■ **TASK**: Identify the line with "TOYOTA SIENNA LE, 5TDZK23C97S014067"; copy word for word that line and every one after it, to the end of the listing. Exclude pictures.
**** DATA PROVIDED
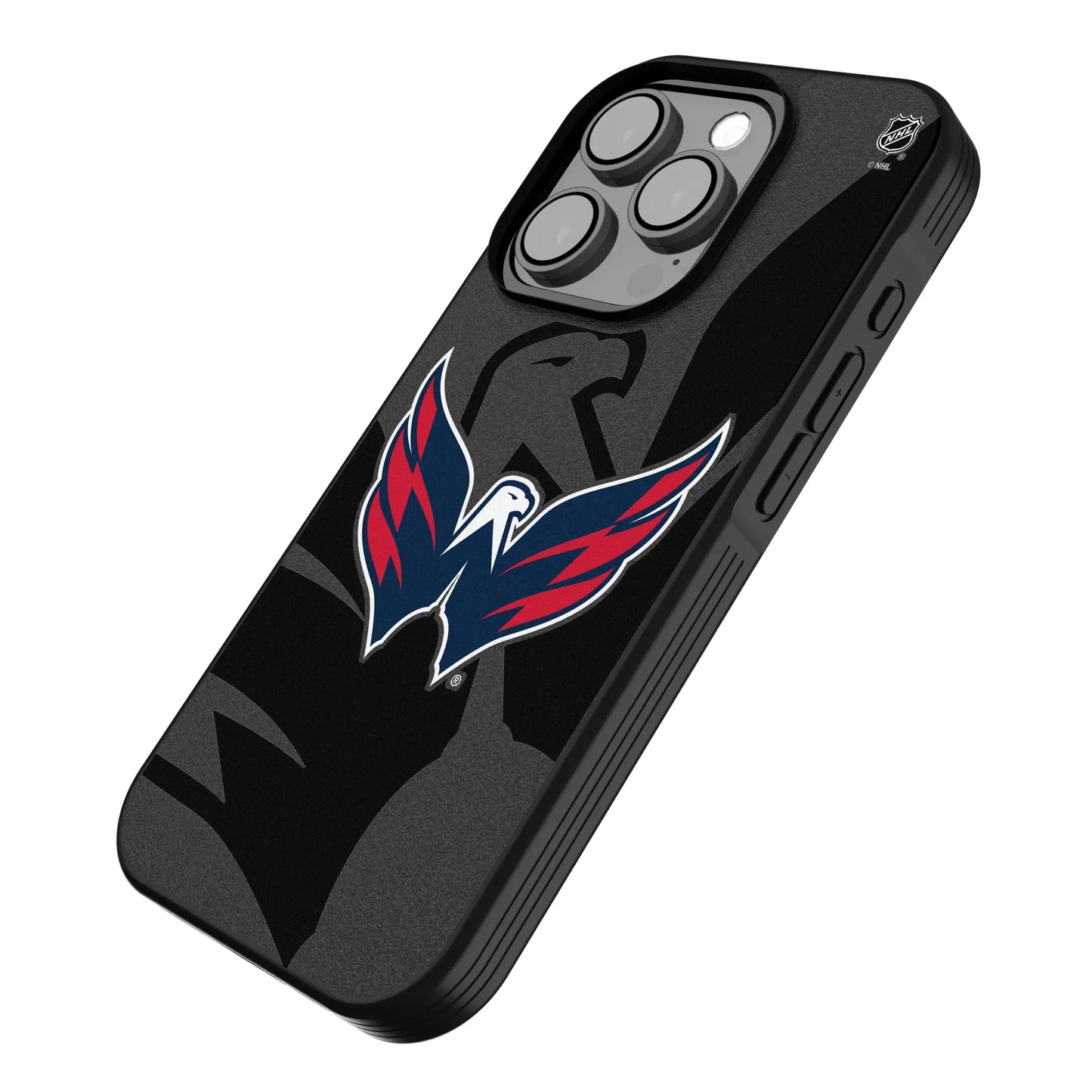 Washington Capitals Monocolor Tilt Bump Phone Case for Apple iPhone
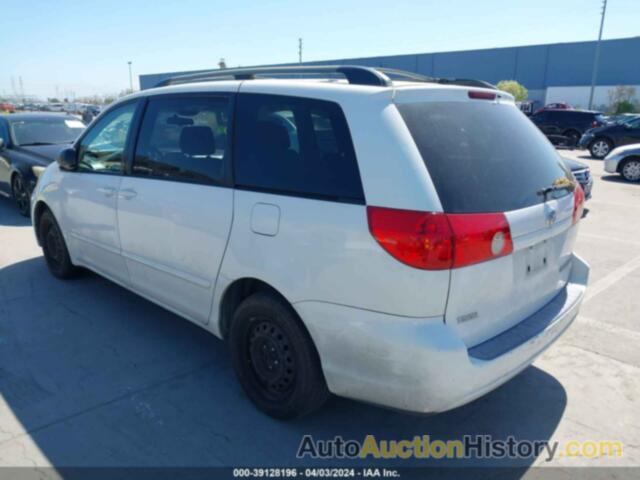 TOYOTA SIENNA LE, 5TDZK23C97S014067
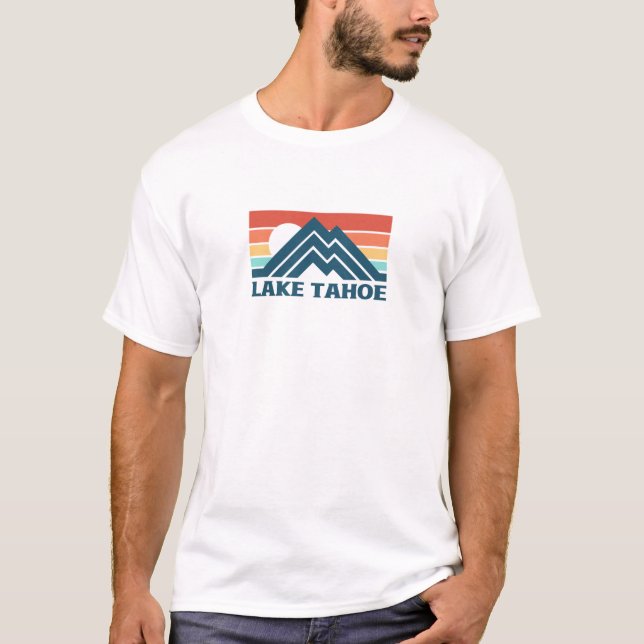 SEE TAHOE, KALIFORNIEN T-Shirt (Vorderseite)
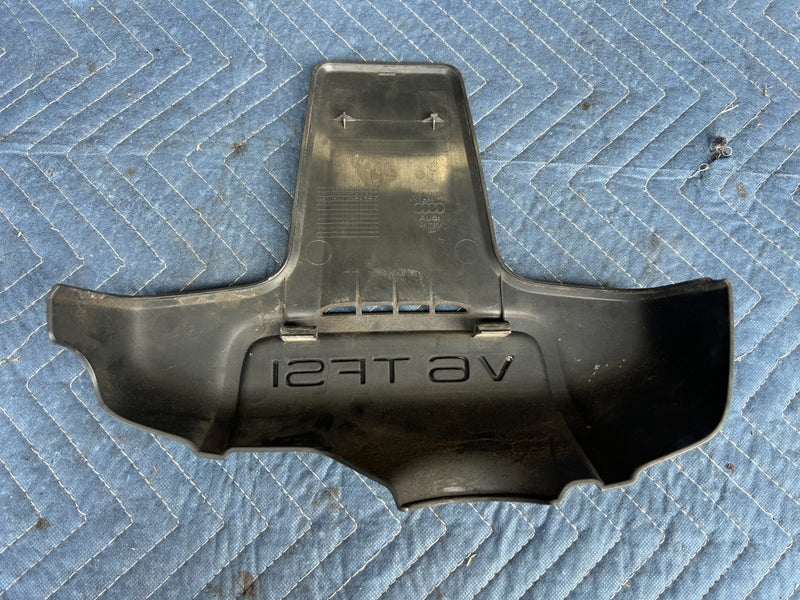 2005-2011 Audi A6 Front & Rear Engine Cover Pair 06E103927K OEM #3427EM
********
■ **ANSWER SECTION**:
 TOYOTA SIENNA LE, 5TDZK23C97S014067
 SEE TAHOE, KALIFORNIEN T-Shirt (Vorderseite)
 2005-2011 Audi A6 Front & Rear Engine Cover Pair 06E103927K OEM #3427EM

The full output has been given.